(Short text fragments from websites)
== == ==

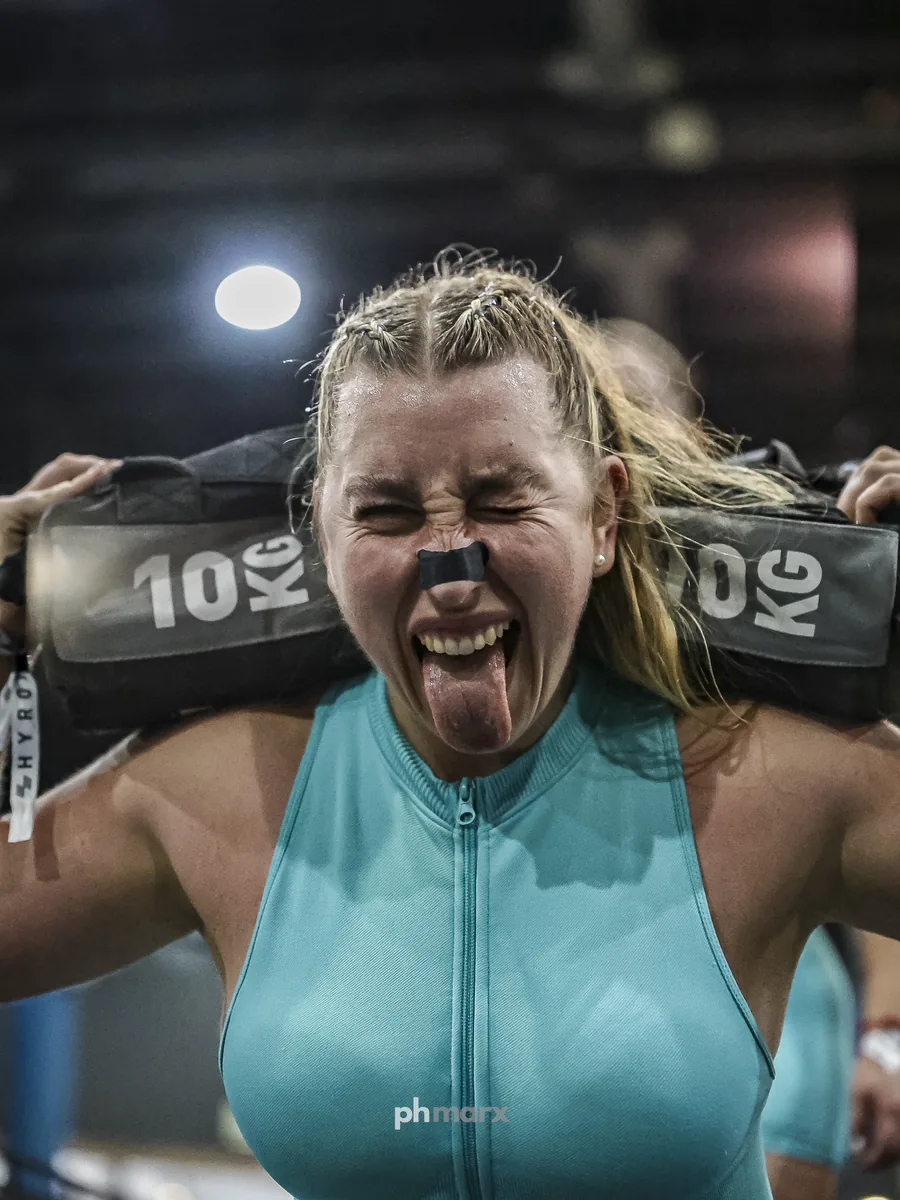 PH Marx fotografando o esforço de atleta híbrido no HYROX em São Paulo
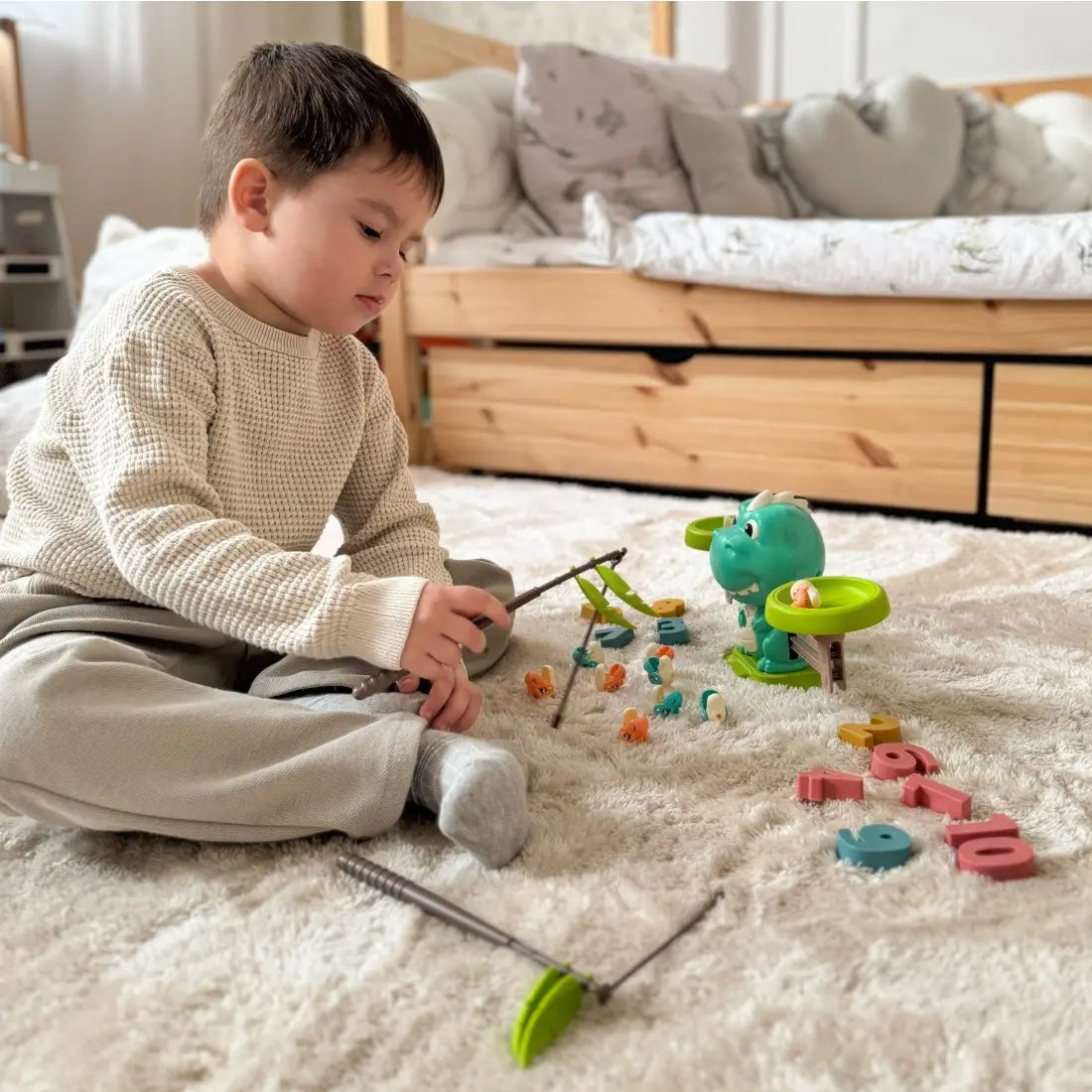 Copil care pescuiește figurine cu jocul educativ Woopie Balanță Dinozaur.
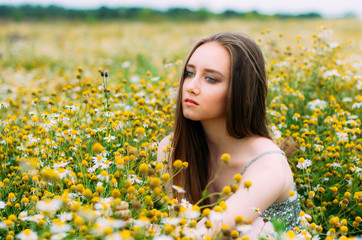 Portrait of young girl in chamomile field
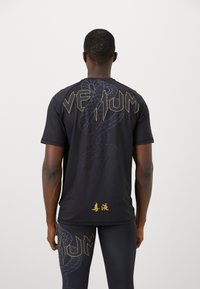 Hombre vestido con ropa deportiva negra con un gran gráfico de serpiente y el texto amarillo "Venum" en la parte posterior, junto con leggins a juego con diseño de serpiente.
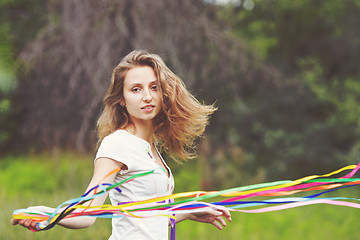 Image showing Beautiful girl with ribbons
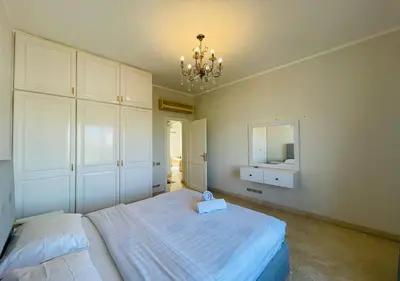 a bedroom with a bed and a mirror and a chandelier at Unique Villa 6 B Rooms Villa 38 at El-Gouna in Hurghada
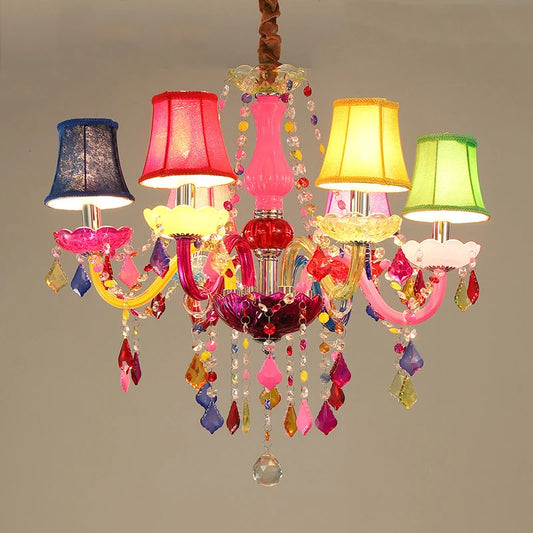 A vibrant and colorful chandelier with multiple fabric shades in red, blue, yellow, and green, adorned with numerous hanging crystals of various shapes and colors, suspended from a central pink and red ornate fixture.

== == ==

— ACTION ITEM —
The records above are to be quoted exactly, with all pictures left out.

— REPLY —
 PH Marx fotografando o esforço de atleta híbrido no HYROX em São Paulo
 Copil care pescuiește figurine cu jocul educativ Woopie Balanță Dinozaur.
 Portrait of young girl in chamomile field
 Hombre vestido con ropa deportiva negra con un gran gráfico de serpiente y el texto amarillo "Venum" en la parte posterior, junto con leggins a juego con diseño de serpiente.
 Image showing Beautiful girl with ribbons
 a bedroom with a bed and a mirror and a chandelier at Unique Villa 6 B Rooms Villa 38 at El-Gouna in Hurghada
 A vibrant and colorful chandelier with multiple fabric shades in red, blue, yellow, and green, adorned with numerous hanging crystals of various shapes and colors, suspended from a central pink and red ornate fixture.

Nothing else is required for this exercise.